Early results were discouraging to the GOP. "It's getting more and more difficult for the Bush team to put together a winning combination," said former Reagan aide Ed Rollins to Chris Matthews on MSNBC after Pennsylvania went into the Gore column.
Pundits had already begun the postmortems on the flagging Bush campaign. But the news that Florida was back in the tossup column tilted the momentum back toward the Texas governor.
Some Republicans had been insisting since early in the evening that the networks were wrong. "I'm going to go out on a limb ... The state's gonna flip," said Mary Matalin, referring to Florida, where half a million absentee ballots had yet to be counted. About an hour later, the networks began putting the state back in the undecided column.
Bush himself predicted late Tuesday evening he'd ultimately carry Florida and Pennsylvania. "The networks called this awfully early, but the votes coming in are telling a different story," he told reporters who visited him in the governor's mansion in Austin, Texas. "I don't believe they've got enough evidence to call these states ... I think America ought to wait until all the votes are counted."

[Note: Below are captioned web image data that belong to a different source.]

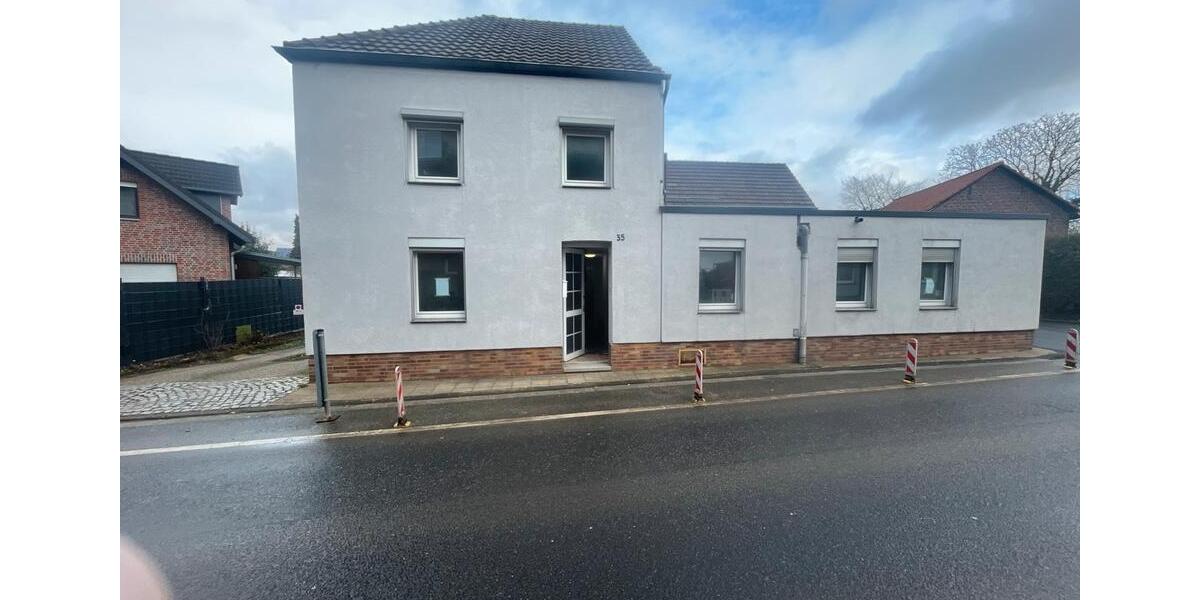 Einfamilienhaus Erkelenz - 10 Zimmer, 140 m&sup2;, 3.000&euro; | Angebot:25070452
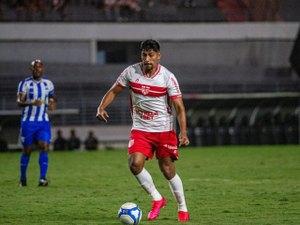 Zagueiro do CRB fala sobre estreia no clube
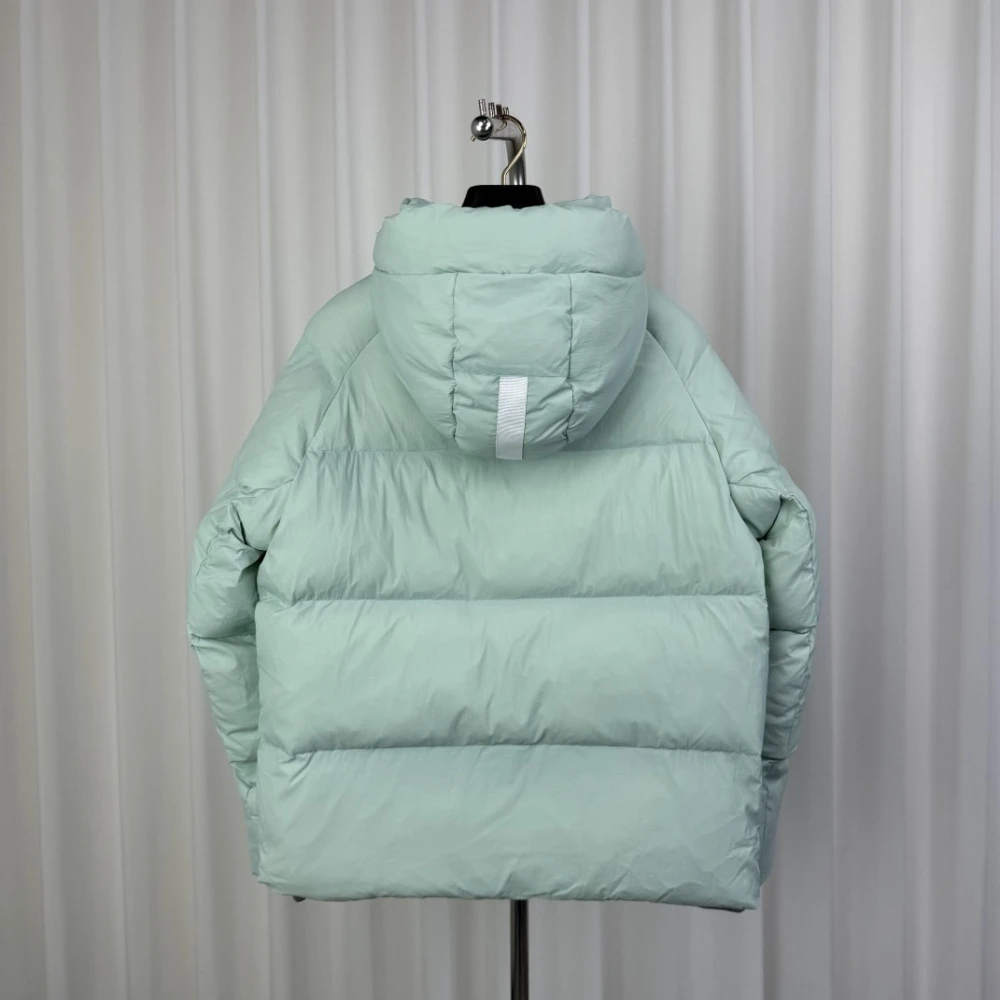 เสื้อแจ็คเก็ตดาวน์แบบลำลอง ดีไซน์หรูหราสำหรับผู้หญิง มีฮู้ดถอดได้ แบรนด์เนม แขนยาว อุ่นสบาย เสื้อโค้ทฤดูหนาว สไตล์ผู้หญิงสุดชิค เสื้อคลุมแฟชั่น 2025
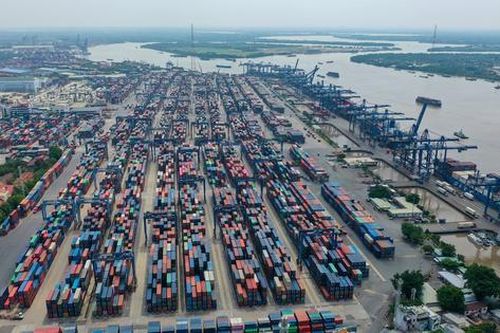 Gần 5.000 container vô chủ 'ăn vạ' cảng biển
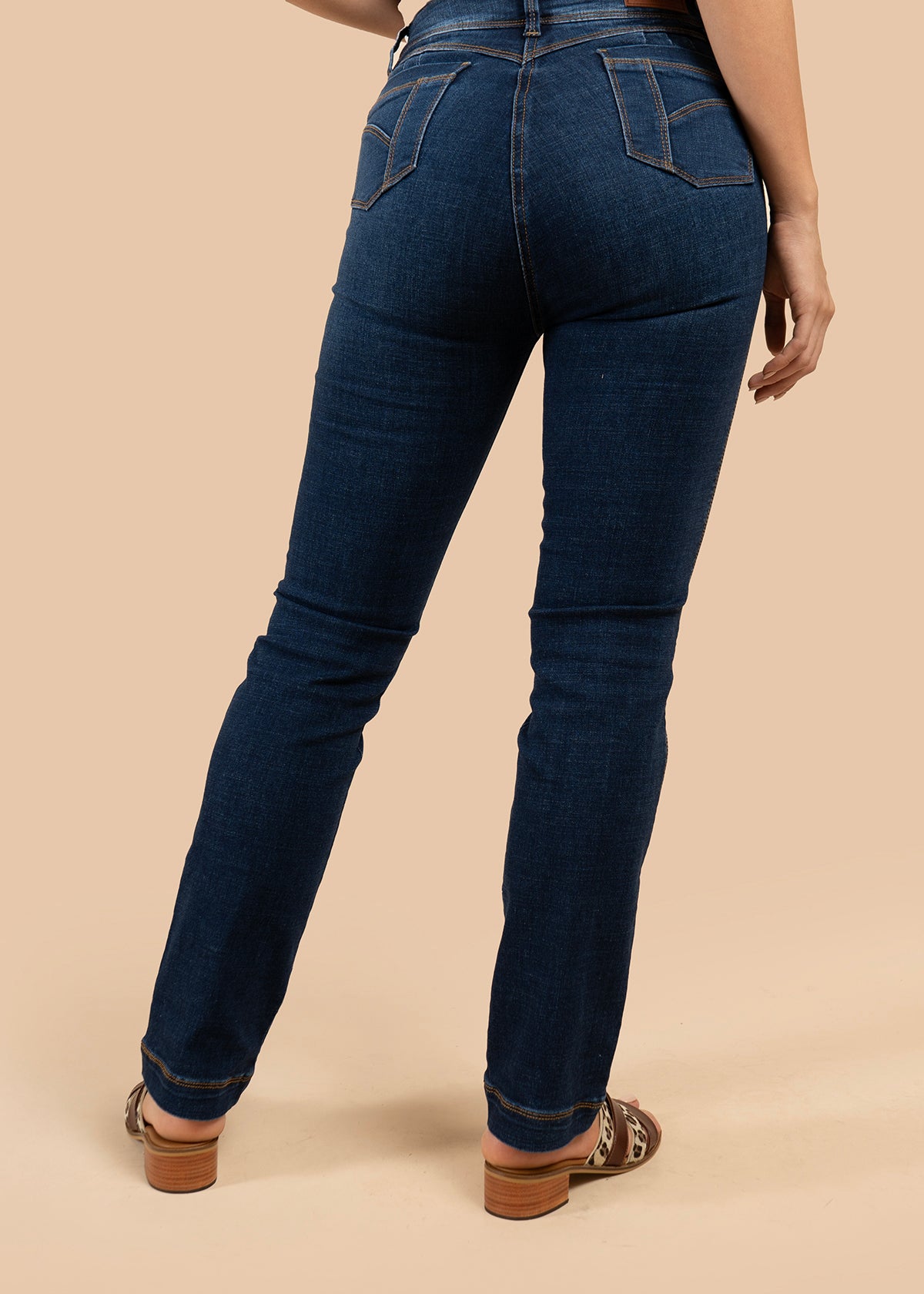 Jean color azul con corte recto y costuras visibles 106011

The Florida flip-flop was embarrassing for the networks. CNN pundits were busy defending the network's methodology from the Bush campaign's charges when the news came in that Florida was being put back in the undecided column -- the first time. Over on MSNBC, Brian Williams was explaining why his network was staying with Gore when a decision was made to move Florida out of the vice president's column.
Network officials began blaming a "data problem" for the Florida flip-flop.
Gore had earlier won the key swing states of Michigan and Pennsylvania. Labor was getting early credit for Gore's Michigan victory. The United Auto Workers got Election Day off in its last contract, and some pundits thought that may have given the vice president the edge. High black turnout in Pennsylvania -- the Rev. Jesse Jackson made a last-minute visit Tuesday -- was thought to have boosted the Democrats' totals in the Keystone State.
As momentum seemed to shift back to Gore, things got surreal on the networks. "Alice in Wonderland" was a favorite motif. "I hope history teachers and civic teachers are up at this hour; every teacher in the country should tell every child in the country that every vote counts," said Dan Rather. "You can't just say, 'Well, I'm too busy.' When the going gets weird, anchormen punt," Rather concluded.
The networks are girding themselves for criticism of the decision to call individual races, and the presidential election, before accurate results were in. "I think it's time for the networks to stop calling the election on the basis of exit polls and sample precinct analysis," Curtis Gans of the Committee for the Study of the American Electorate told CNN Wednesday morning.